_Short web captions_
════

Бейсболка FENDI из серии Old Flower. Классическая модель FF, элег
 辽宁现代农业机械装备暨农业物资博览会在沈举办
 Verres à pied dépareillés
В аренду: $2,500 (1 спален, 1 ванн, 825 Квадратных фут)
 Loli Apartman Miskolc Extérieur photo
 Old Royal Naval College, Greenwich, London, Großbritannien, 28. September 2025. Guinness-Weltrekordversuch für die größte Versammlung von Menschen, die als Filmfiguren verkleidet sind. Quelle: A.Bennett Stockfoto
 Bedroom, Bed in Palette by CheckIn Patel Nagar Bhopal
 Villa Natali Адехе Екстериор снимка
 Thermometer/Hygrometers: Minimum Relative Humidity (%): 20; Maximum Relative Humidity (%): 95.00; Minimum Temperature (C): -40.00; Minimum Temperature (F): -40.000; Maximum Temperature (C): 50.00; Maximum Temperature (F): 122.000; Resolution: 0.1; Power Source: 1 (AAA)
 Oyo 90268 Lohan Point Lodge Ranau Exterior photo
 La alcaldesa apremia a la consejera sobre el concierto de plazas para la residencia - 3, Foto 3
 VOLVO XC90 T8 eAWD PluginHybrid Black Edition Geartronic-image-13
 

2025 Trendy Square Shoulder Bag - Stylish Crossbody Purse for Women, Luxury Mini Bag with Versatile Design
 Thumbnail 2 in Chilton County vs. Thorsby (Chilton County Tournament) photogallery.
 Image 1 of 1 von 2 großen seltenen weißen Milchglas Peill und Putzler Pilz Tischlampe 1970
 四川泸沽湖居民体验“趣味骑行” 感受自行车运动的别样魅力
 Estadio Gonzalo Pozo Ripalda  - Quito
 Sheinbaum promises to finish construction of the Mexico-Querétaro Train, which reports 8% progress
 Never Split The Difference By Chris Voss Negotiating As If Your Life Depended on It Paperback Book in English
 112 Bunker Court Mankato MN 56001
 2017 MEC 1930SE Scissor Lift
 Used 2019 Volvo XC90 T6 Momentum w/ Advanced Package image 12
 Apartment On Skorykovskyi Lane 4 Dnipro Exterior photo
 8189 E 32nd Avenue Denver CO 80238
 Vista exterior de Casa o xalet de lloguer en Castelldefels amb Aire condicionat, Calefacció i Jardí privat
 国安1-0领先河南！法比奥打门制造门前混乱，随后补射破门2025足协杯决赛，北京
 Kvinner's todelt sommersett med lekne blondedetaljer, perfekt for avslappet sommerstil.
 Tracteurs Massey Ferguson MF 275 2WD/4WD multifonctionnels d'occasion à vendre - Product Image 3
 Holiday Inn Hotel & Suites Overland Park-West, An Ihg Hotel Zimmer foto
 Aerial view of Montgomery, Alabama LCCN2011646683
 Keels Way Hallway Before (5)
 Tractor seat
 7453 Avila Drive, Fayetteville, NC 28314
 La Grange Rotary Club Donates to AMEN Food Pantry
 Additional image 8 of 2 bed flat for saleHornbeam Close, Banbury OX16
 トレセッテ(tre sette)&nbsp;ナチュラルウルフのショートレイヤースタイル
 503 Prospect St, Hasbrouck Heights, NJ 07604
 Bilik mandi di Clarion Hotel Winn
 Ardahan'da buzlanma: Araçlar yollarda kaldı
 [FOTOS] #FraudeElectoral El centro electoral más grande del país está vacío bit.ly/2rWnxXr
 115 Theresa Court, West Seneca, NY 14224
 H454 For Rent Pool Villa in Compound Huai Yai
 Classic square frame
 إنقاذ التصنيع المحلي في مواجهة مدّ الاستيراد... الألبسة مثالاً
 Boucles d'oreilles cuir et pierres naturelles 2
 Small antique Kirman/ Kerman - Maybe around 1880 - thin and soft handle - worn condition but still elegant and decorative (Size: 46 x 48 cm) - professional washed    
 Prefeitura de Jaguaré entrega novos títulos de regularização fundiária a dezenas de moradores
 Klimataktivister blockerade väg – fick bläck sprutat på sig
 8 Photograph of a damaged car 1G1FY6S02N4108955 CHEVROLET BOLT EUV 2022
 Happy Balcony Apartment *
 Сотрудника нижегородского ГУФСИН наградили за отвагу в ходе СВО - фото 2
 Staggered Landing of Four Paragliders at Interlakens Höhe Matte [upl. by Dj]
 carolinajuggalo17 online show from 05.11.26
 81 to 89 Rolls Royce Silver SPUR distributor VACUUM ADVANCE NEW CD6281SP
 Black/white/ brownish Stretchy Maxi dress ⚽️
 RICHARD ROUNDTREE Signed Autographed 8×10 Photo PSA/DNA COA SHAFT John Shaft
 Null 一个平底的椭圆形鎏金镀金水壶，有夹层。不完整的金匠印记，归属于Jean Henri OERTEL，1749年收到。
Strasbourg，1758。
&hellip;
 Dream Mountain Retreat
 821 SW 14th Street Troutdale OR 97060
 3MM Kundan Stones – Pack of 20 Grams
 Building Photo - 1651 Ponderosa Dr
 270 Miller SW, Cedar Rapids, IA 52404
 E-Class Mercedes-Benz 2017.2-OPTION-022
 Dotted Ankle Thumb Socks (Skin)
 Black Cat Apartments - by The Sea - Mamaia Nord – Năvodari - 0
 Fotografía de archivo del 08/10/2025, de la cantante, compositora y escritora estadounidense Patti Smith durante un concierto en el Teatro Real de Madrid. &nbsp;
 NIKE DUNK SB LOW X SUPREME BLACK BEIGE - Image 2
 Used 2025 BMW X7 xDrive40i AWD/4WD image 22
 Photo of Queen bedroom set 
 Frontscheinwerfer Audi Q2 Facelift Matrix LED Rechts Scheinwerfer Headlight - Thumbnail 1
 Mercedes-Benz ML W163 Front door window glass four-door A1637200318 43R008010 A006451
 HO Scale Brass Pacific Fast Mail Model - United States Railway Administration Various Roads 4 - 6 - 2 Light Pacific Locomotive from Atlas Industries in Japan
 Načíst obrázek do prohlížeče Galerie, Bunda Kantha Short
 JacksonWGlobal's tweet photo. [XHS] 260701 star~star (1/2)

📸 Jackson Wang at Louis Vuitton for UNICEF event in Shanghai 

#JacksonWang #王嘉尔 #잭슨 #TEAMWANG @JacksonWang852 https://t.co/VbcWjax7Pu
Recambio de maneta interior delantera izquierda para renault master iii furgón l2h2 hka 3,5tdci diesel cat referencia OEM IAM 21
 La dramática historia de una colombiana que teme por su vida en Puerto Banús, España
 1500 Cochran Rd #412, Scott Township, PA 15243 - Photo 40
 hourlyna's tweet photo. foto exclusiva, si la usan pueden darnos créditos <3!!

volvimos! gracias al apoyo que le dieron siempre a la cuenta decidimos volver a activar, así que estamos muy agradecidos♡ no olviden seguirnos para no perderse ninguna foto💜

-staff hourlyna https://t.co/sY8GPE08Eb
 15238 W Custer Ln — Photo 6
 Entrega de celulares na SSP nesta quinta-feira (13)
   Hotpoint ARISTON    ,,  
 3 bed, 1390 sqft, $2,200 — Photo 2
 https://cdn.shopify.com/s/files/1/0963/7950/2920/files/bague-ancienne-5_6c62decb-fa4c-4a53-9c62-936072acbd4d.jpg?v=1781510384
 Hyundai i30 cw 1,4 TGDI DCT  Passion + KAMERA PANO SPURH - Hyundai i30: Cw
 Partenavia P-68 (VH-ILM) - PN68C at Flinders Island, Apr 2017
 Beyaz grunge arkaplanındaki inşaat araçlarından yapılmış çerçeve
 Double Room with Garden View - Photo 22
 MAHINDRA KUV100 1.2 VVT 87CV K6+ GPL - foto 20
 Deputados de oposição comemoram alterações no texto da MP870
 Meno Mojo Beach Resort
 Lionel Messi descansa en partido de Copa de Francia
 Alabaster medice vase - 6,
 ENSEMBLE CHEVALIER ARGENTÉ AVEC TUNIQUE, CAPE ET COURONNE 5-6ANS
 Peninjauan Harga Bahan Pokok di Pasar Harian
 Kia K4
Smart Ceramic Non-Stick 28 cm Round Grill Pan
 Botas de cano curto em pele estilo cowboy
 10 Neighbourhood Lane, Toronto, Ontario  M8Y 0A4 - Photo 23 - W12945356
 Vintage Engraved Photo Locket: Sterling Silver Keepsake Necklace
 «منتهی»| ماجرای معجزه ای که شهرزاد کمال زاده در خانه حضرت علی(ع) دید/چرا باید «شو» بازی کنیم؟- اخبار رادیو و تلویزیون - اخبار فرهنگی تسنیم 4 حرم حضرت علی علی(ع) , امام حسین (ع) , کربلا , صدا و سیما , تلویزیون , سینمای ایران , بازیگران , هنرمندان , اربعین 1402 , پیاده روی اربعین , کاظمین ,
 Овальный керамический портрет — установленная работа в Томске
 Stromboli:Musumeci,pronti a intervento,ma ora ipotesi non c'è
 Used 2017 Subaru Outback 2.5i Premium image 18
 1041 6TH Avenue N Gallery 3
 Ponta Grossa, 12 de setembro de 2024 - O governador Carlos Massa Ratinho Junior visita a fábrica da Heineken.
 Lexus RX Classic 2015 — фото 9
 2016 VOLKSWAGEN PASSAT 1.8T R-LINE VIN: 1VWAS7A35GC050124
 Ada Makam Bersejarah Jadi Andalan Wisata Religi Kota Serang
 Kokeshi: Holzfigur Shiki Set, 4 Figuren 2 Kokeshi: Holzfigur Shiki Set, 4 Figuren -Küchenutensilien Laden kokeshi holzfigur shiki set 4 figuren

════

_WHAT IS NEEDED_
Please transcribe exactly the lines above from the line that has "ENSEMBLE CHEVALIER ARGENTÉ" up to and including the line that has "10 Neighbourhood Lane, Toronto, Ontario"; no other line belongs in the answer.

_YOUR SOLUTION_
 ENSEMBLE CHEVALIER ARGENTÉ AVEC TUNIQUE, CAPE ET COURONNE 5-6ANS
 Peninjauan Harga Bahan Pokok di Pasar Harian
 Kia K4
Smart Ceramic Non-Stick 28 cm Round Grill Pan
 Botas de cano curto em pele estilo cowboy
 10 Neighbourhood Lane, Toronto, Ontario  M8Y 0A4 - Photo 23 - W12945356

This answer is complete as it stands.